20代後半の娘の、日本人男性との結婚・出産を控えて、急いで帰化できないかと駆け込んで来られた親御さん。日程を聞けば、結婚どころか出産前の帰化も難しそうです。

よく帰化と結婚のどちらを先にしたらよいかというご相談をいただきます。が、たいていの場合、この質問をお受けするときには、もう動かせない日程の中で選択の余地などないケースがほとんどです。そして私どもの回答も、「できることなら先に帰化しておいたほうが、お母さんもご安心だったでしょう。でも決まってしまった以上は仕方ありません。段取りの違いはありますが、申請が受理されればあとは同じです」
実際のところ、この質問は親御さんからいただくことが多いのです。
ただ今回の場合は、先か後かというより、諸事情により同時に進むような形になってしまいました。

帰化の審査期間中に入籍すると、生計を一にする親族の範囲が、相談者であられるお母様から、娘さんの配偶者へと代わります。これにともない、お母様に関する収入証明や課税証明等の各書類はすべて、配偶者のものへと差し替える必要が生じます。また、新居の住所地の管轄法務局が変わるようだと、書類もいったんそちらへ移送され、新しい担当者のもと仕切り直すことになるとの法務局の説明です。こうなるともう一度帰化申請し直すようなもので、いかにも段取りのマズさにうらみが残る結果となってしまいます。
さいわい今回管轄の問題を生じることはなさそうで、ご本人も納得の上とにかく申請を急ぐことになりました。

審査期間中に生じた関係者の身分事項の変動(入籍、出産、死亡、離婚等)は、すべて変更届の対象となります。
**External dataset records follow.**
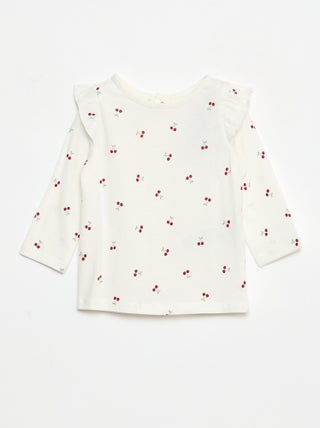 T-shirt de manga comprida com cavas com folhos e motivo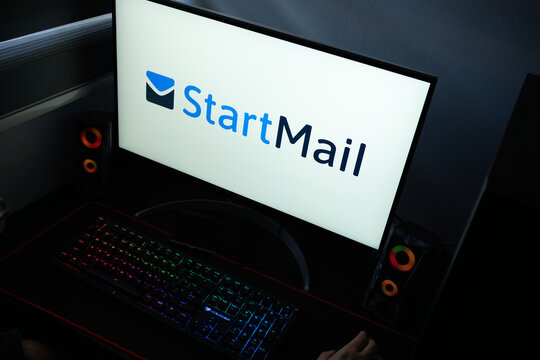 Punta Arenas, Chile &ndash; January 20, 2026: High-angle view of the StartMail secure email logo on a PC screen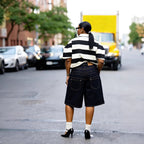 Street Style Double Waistband Studded Denim Two-Piece Set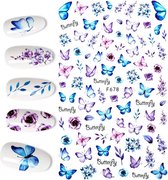 100 nagelstickers vlinder - Nail art - Nagel decoratie - Stickervellen vlinders en bloemen - Styling bloem nagel - Blauw / roze versiering - Universeel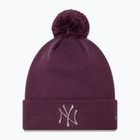 Dámska šiltovka New Era Metallic Bobble Knit Beanie New York Yankees dark purple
そうして、様々な追加書類の提出を求められることになります。
帰化の審査は1年近くかかる長丁場ですから、その間なんの変化も起こさず静かに過ごすというのは実際のところ難しいのですが、可能な限り目先1~2年程度の生活設計は念頭に置いた上で、じっくり検討できるのが理想的といえるのではないでしょうか。